The crowd, which was majority female, appeared to mostly side with Burke. But the two hugged it out before leaving the stage.
"I think he didn't hear the question," Holmes, the executive director, said in an interview afterward about Lee and Burke's exchange. "And I think that it can be hard- he's been critiqued a lot for his portrayals of women in his films, and I think that if he had heard Tarana's question, which was, 'here's an opportunity to talk about how you think you've portrayed women or to kind of clear the record,' I think we missed the opportunity to have that kind of rich discussion… I just wish he heard her and was able to actually answer the question."
Aside from Lee's appearance, the festival featured "Jezebel," from director Numa Perrier, as its opening film, while also hosting a Saturday night screening of "The Apollo," a documentary from Roger Ross Williams about the legendary Harlem theater. Both were Philadelphia premieres.
Questlove was on hand Friday for the premiere of the upcoming TV series "Hip-Hop: The Songs That Shook America," while the closing program of the festival Sunday night was scheduled to include the Philadelphia premiere of Solange Knowles' short film "When I Get Home." In addition to those films, the festival offered an extensive program of short films, as well as panels.
The festival's future is in a bit of flux, with International House shutting down at the end of the year.
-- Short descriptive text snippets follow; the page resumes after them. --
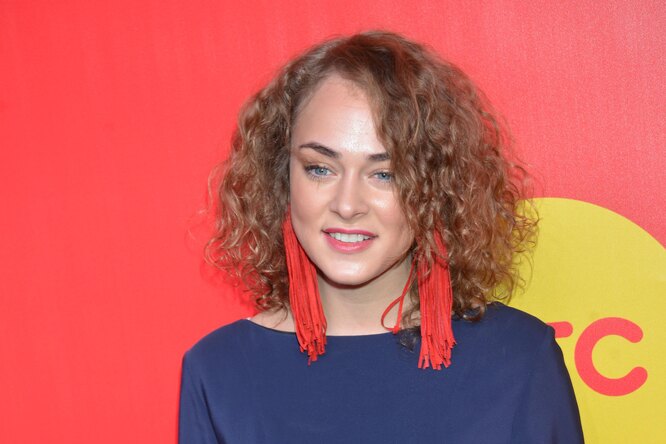 «Какая смелая»: Аглая Тарасова выложила фото со змеей «Какая смелая»: Аглая Тарасова выложила фото со змеей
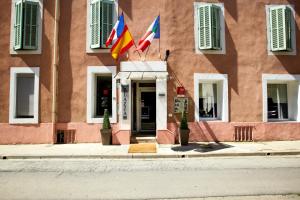 Kyriad Nimes Centre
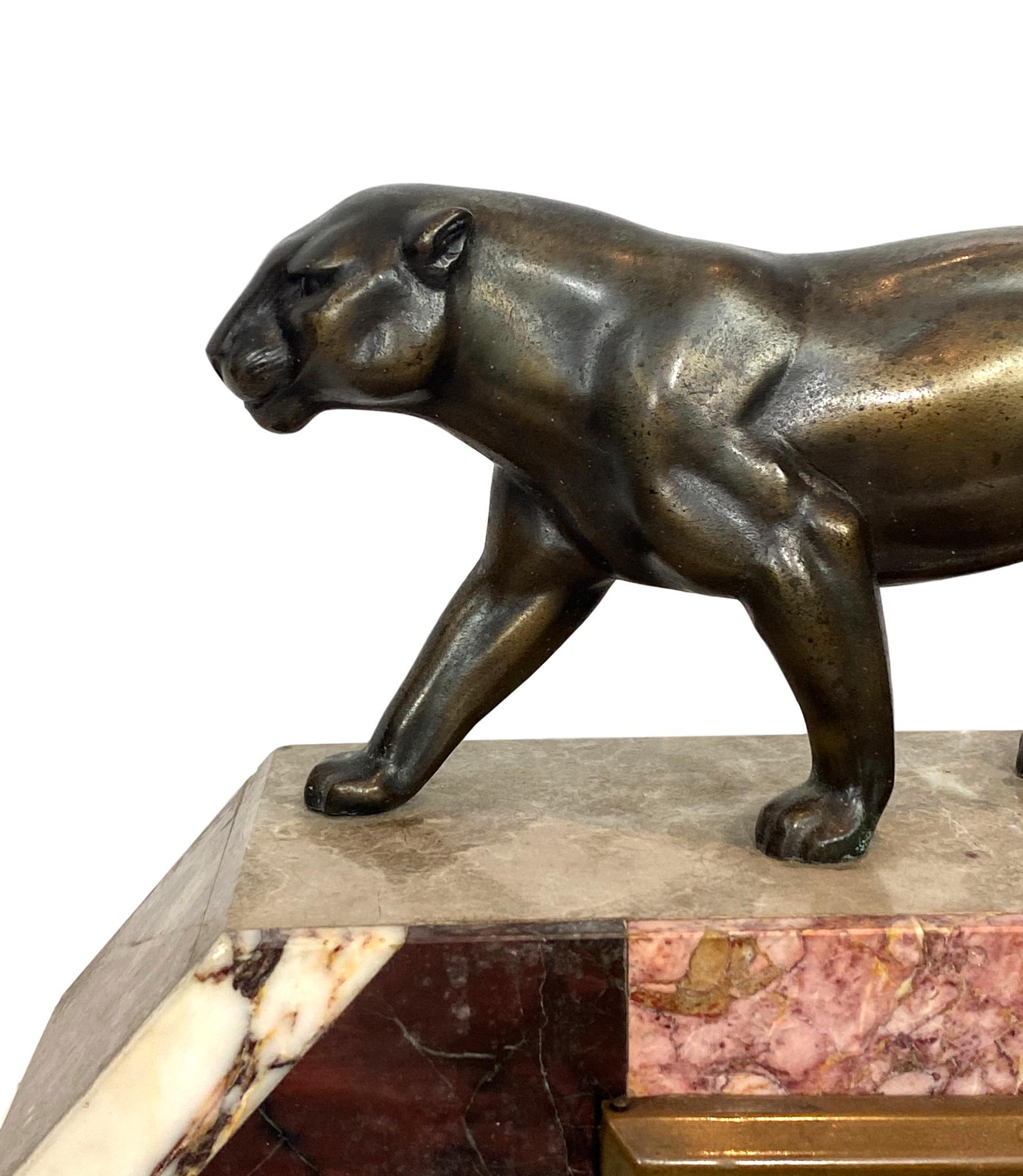 Mid-20th Century Art Deco Moderne Marble Mantel Clock with Panther, French, circa 1930s 
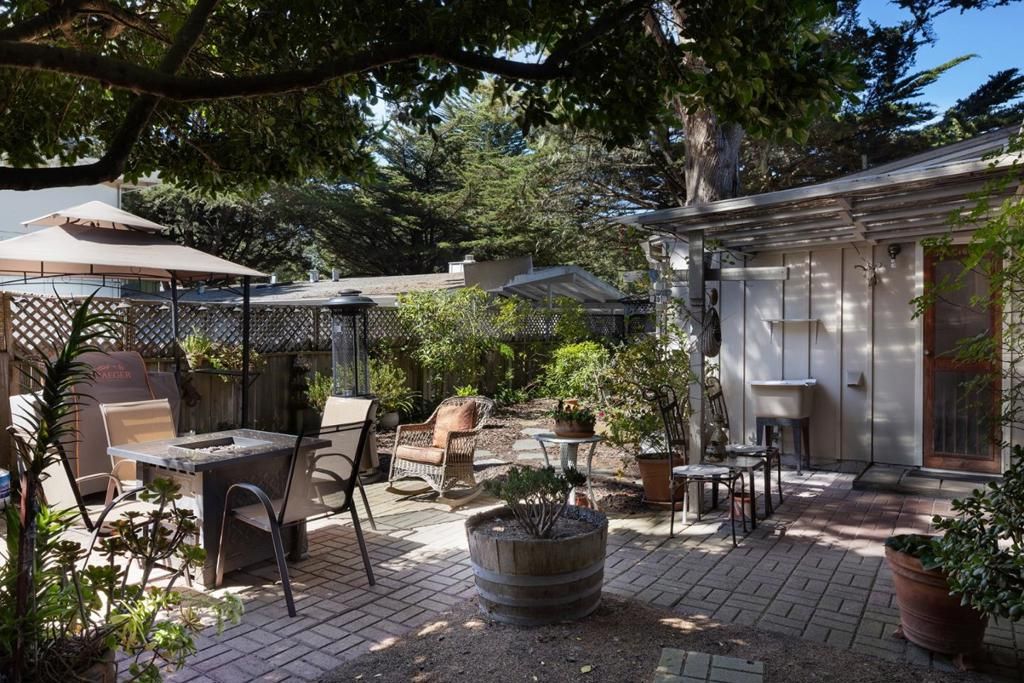 Image 18 of property listing at 1103 Kenet Place, Pacific Grove, CA 93950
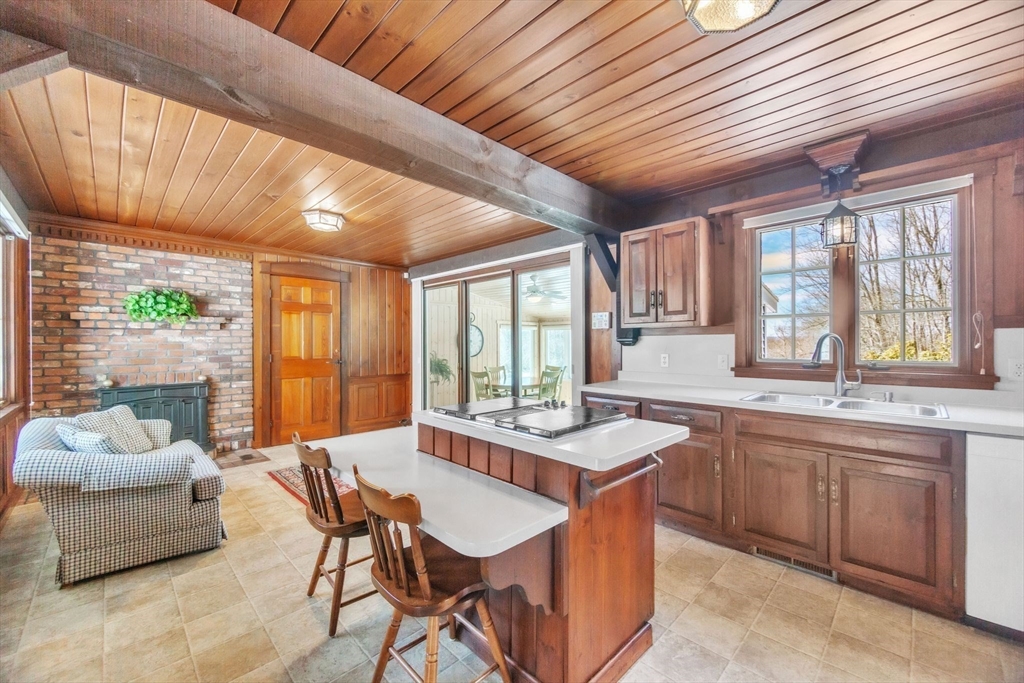83 New State Road Montgomery, MA 01085 - Photo 9 of 42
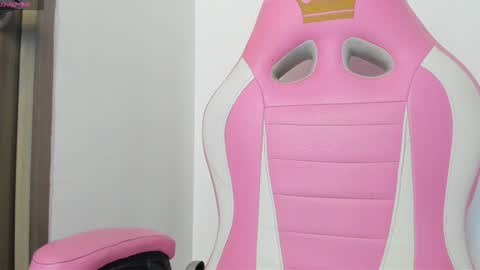 Snapshot of amaia_mendoza chatting on January 18, 2025, 7:37 pm Amaia Mendoza online show from January 18, 2025, 7:37 pm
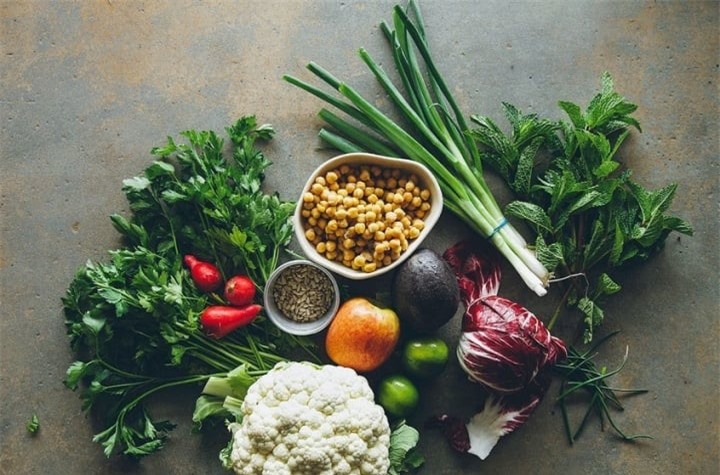 Chống nắng 'từ bên trong' cho da bằng những thực phẩm dễ tìm, giá rẻ - 1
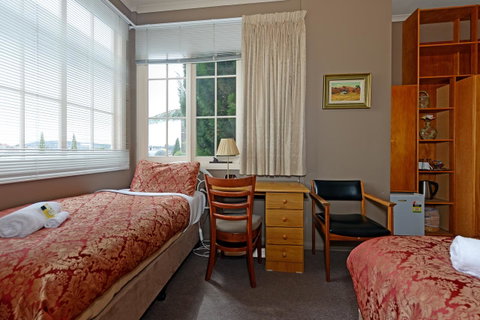 Edinburgh Gallery Bed & Breakfast - Accommodation Cooktown 8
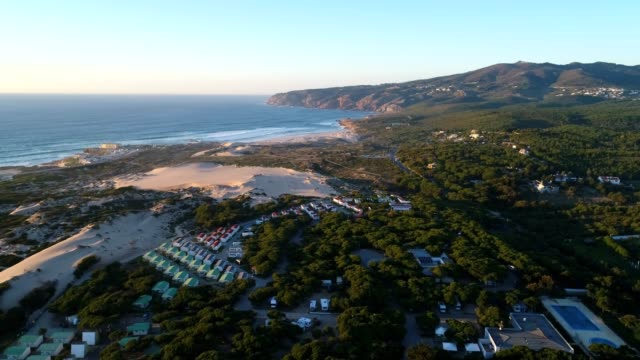 Luftbild-Drohne-Blick-auf-Guincho-Strand-in-Cascais,-Portugal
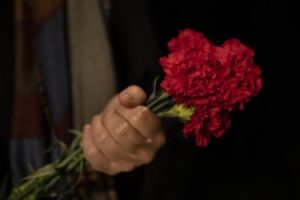 “É preciso não esquecer!” – Teatro Contra-Senso revive o 25 de Abril no Auditório Fernando Pessa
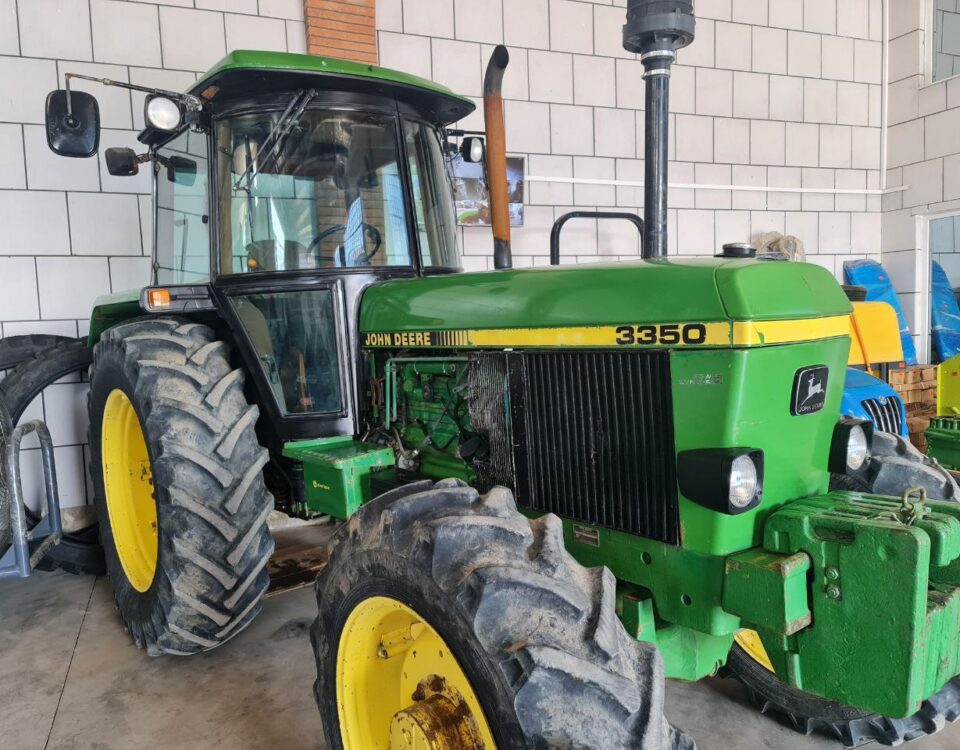 تراکتور 3350 JOHNDEERE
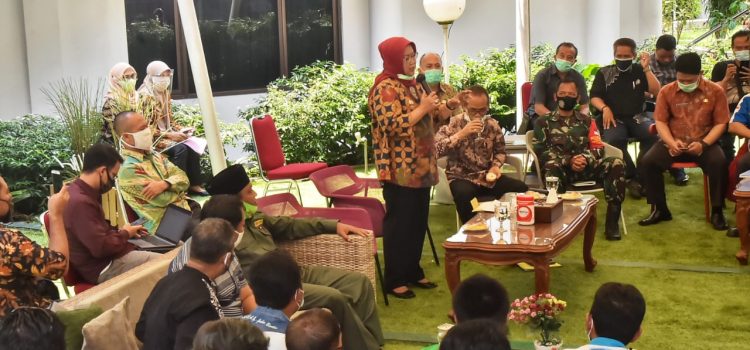 Bupati Bogor Minta Para Buruh bersama-sama Menjaga Kondusifitas Wilayah Kabupaten Bogor Bupati Bogor Minta Para Buruh bersama-sama Menjaga Kondusifitas Wilayah Kabupaten Bogor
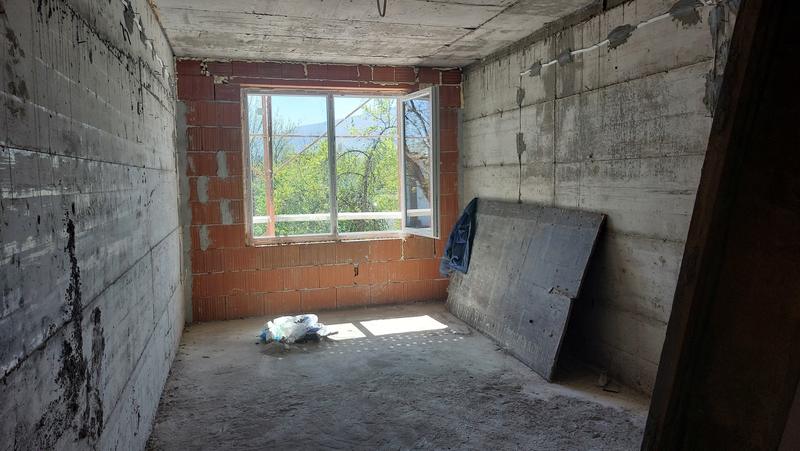 Last apartments in a new building with a convenient exit on President Lincoln Blvd. and Ovcha Kupel Blvd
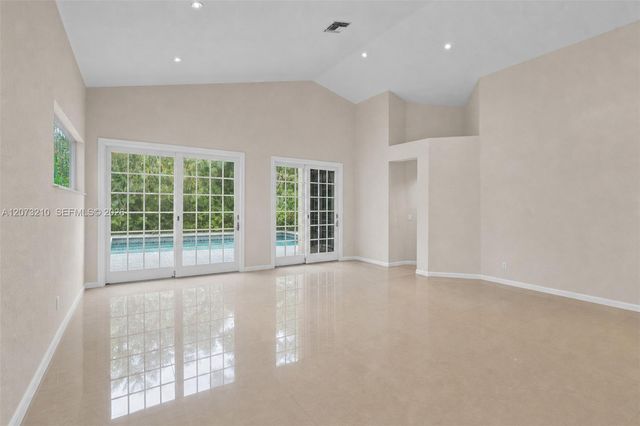 1090 SW 156th Avenue, Pembroke Pines, FL 33027
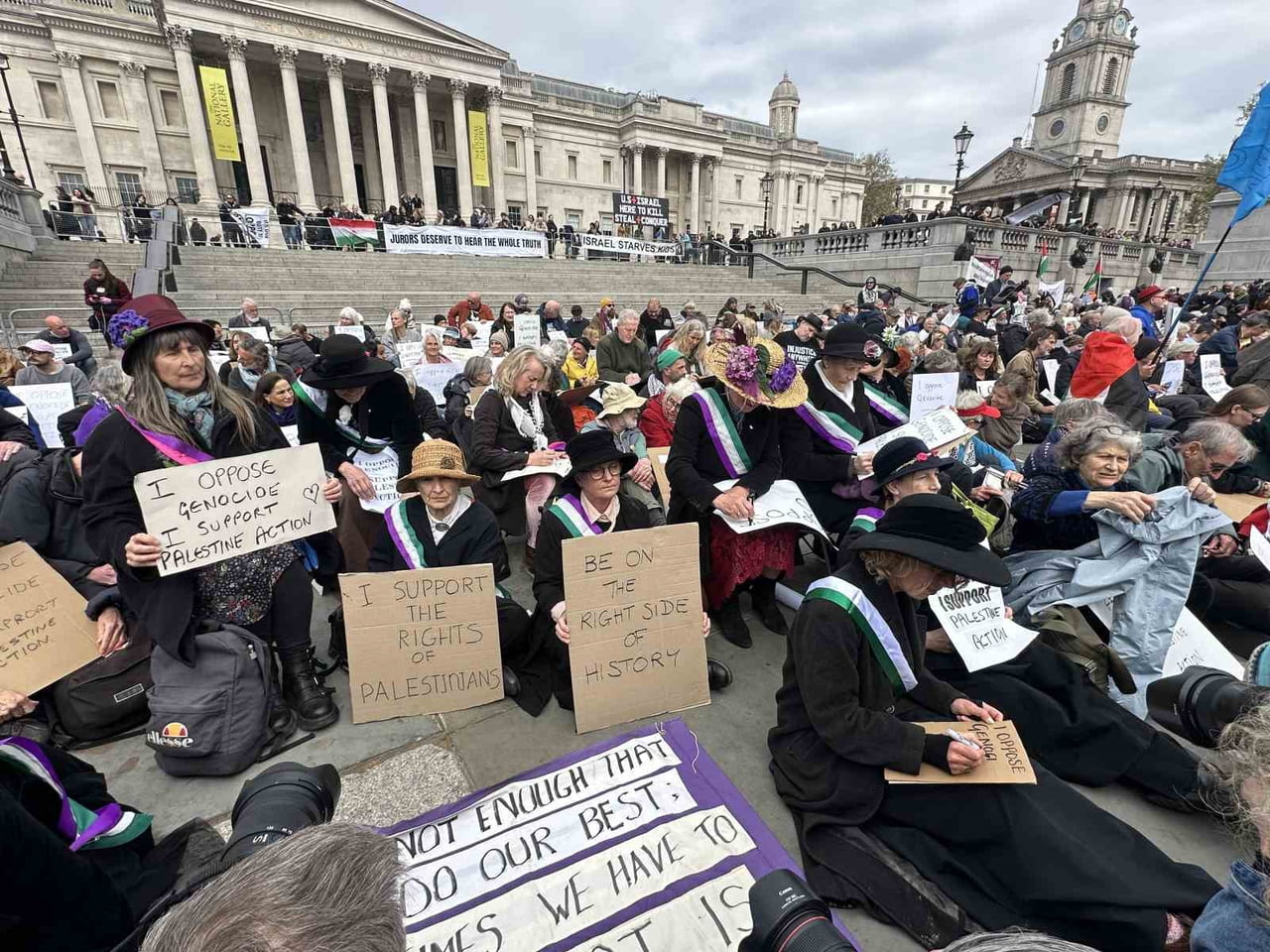 LONDRA (İHA) - İNGİLTERE’NİN BAŞKENTİ LONDRA’DA YÜZLERCE GÖSTERİCİNİN, İNGİLİZ HÜKÜMETİNİN YASAKLI...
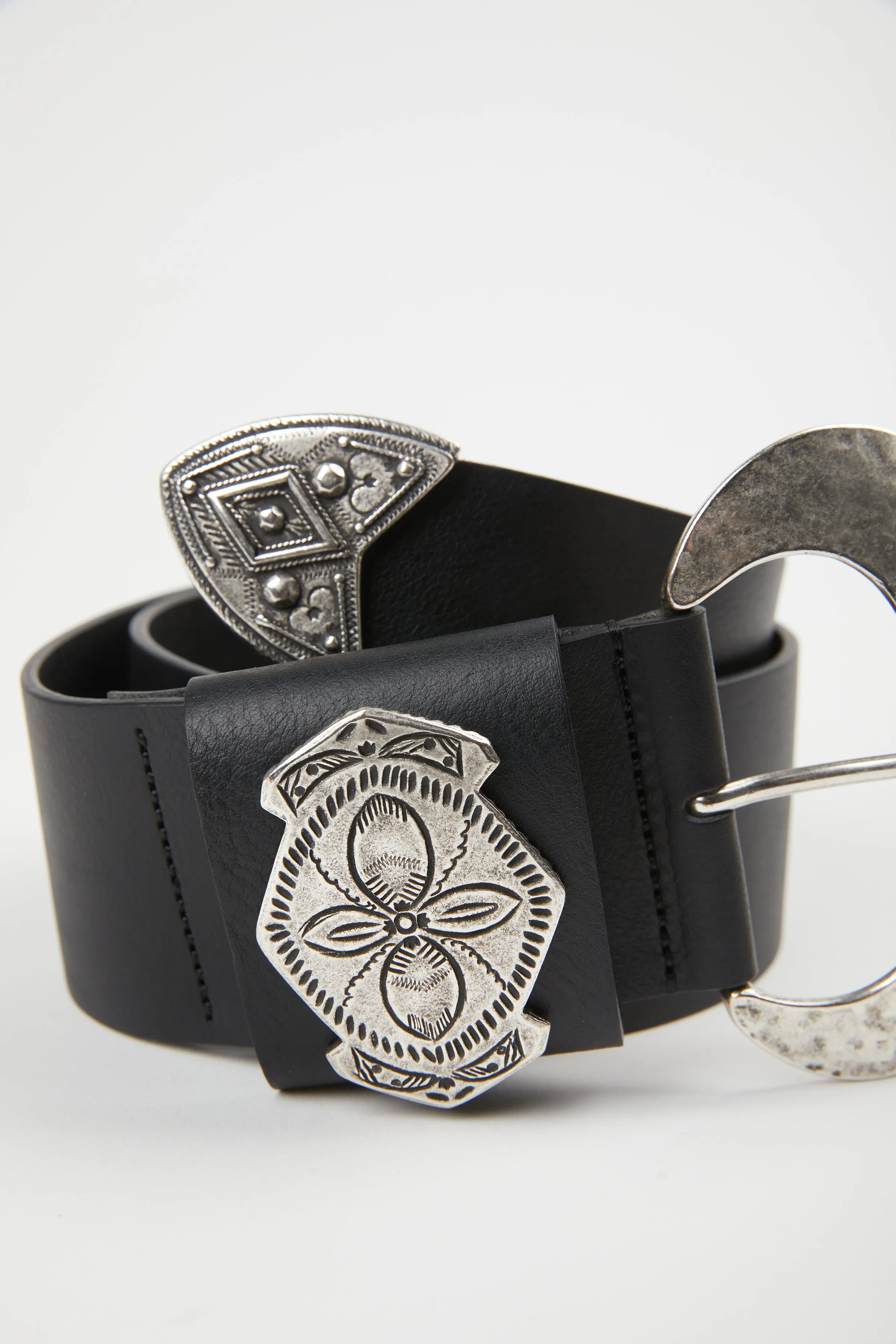 VINTAGE-INSPIRED LEATHER BELT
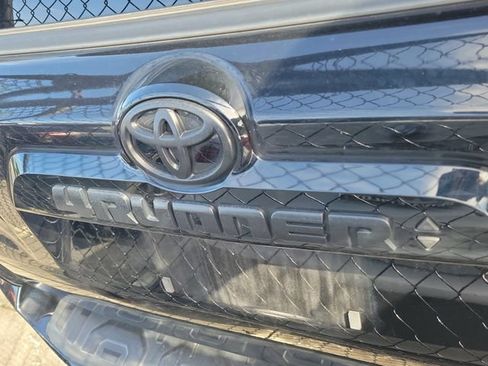 Used 2024 Toyota 4Runner SR5 Premium w/ Moonroof Package AWD/4WD image 4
Holmes said she's concentrating on this year's festival right now and isn't sure about the future.
Holmes, who is also a filmmaker herself, added that "I'm particularly interested in moving beyond traditional form. I think we have a lot of space there, to move outside of the three-act structure, to move outside of even synching, in the ways that we think about how sound and image meet up, the way that things are edited, I think there's a lot of room for exploration. If you think about Coltrane, and about the Blue Note years as peak of jazz exploration, we're not there yet with cinema."
"Black people have been making independent films since Edison," Holmes said of the festival itself, "that's not a new space for us."